Book 'Malagrotta' by Gian Marco Sanna, published by Urbanautica Institute, 2017


© Gian Marco Sanna from the series 'Agarthi'

The 'Agarthi' series is the result of five years of exploration of Bolsena, the largest volcanic lake in Europe. Tell us about this process, this slow immersion...

GS: At first, I started investigating news about people who had disappeared in the lake. Such as the tragic event in 2007 that involved a German family on vacation.  Three people perished. Two children and their father, whose body was never found. Many episodes of this kind have happened over the years, the last one this summer. Driven by curiosity to better understand these disappearances, I have started to study local legends through the internet and in the local library. I have also spent much time talking with the village elders. That's how I came across the Agarthi legend. 

Agarthi, is a legendary kingdom located in the center of the Earth, described in the works of the writer Willis George Emerson (1856 - 1918). Emerson's concept was based on the theory of Terra Cava, a very popular topic in the field of esotericism and literature. For centuries theories about subterranean worlds and kingdoms have been told. The Christian hell that inspired the journey of Dante Alighieri is one of the many examples that could be cited. 


© Gian Marco Sanna from the series 'Agarthi'


© Gian Marco Sanna from the series 'Agarthi'


© Gian Marco Sanna from the series 'Agarthi'

I worked on the mystery that surrounds the lake and on the legends of the place, investigating the border between reality and fantasy. The work is based precisely on the territory of Etruria which could be a point of passage towards something undefined and mysterious. The Etruscans considered the island the spiritual heart of the entire Etruscan nation where their secrets were kept. According to the legends, one of the entrance to Agarthi is found on the Bisentina island located inside the Lake Bolsena.

So after moving to Bolsena, I began to reflect on how I could translate into images all that I was discovering about the mythological past of the region. And how this was linked to the most tragic episodes of the missing persons. This series, therefore, documents more than a place, my desire to tell a parallel and surreal world. A journey that prompted me to experiment with images and styles.


© Gian Marco Sanna from the series 'Agarthi'

Although retaining its style and linguistic rigor, 'Agarthi' shows a greater complexity than your previous work on Malagrotta...

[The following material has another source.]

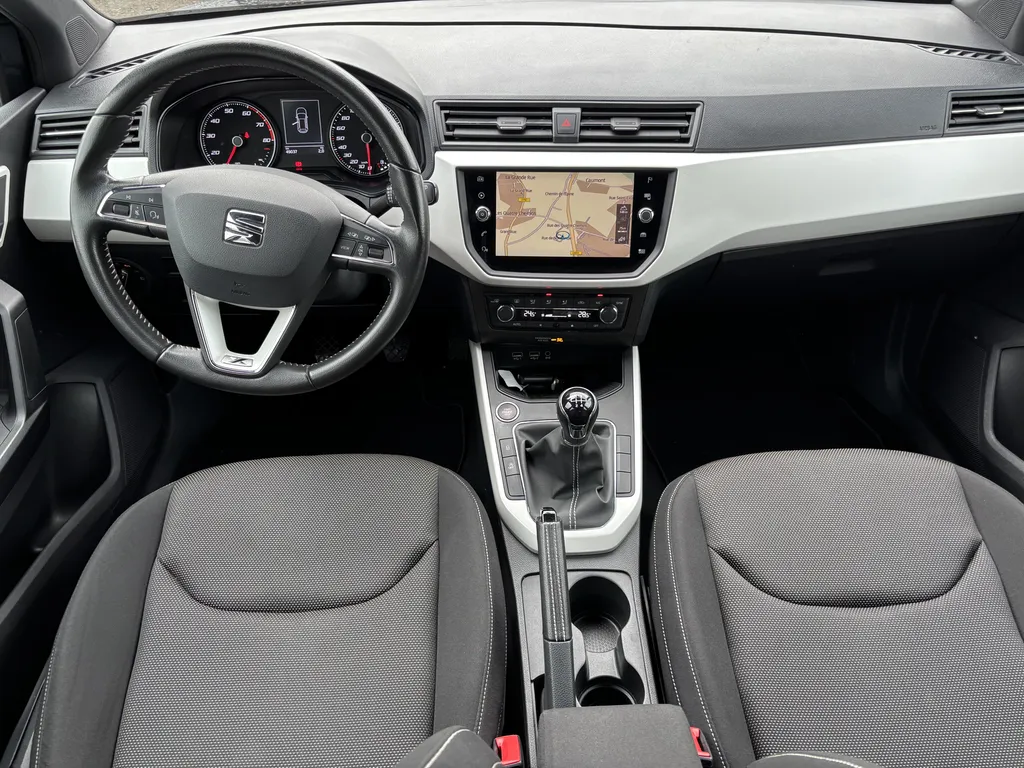 Achat voiture occasion proche Gravenchon : SEAT Arona 1.0 TSI 95 ch Xcellence disponible chez Caudebec Automobiles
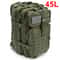 Mens Tactical Backpack Hiking Survival EDC Assault Pack 9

GS: Undoubtedly, I encountered more difficulties than working on Malagrotta because while in that project I had a well-defined area and a constant theme to follow, that of the criminal management of the waste dump. With this new series everything was inside my head so it was very easy to fall into banality or to produce things that had nothing to do with it. Photographically speaking, this has definitely represented a greater as much as stimulating challenge.

The last few months I was saturated, I needed to close and edit the work, I had more than 6,000 photographs. I remember that in the last few weeks of my work, when I went out to photograph, I practically didn't take any shoot. When I realized that I had no longer the need to shoot, to set the alarm at midnight and to go off on a boat with the fishermen, there I realized that my journey had come to an end.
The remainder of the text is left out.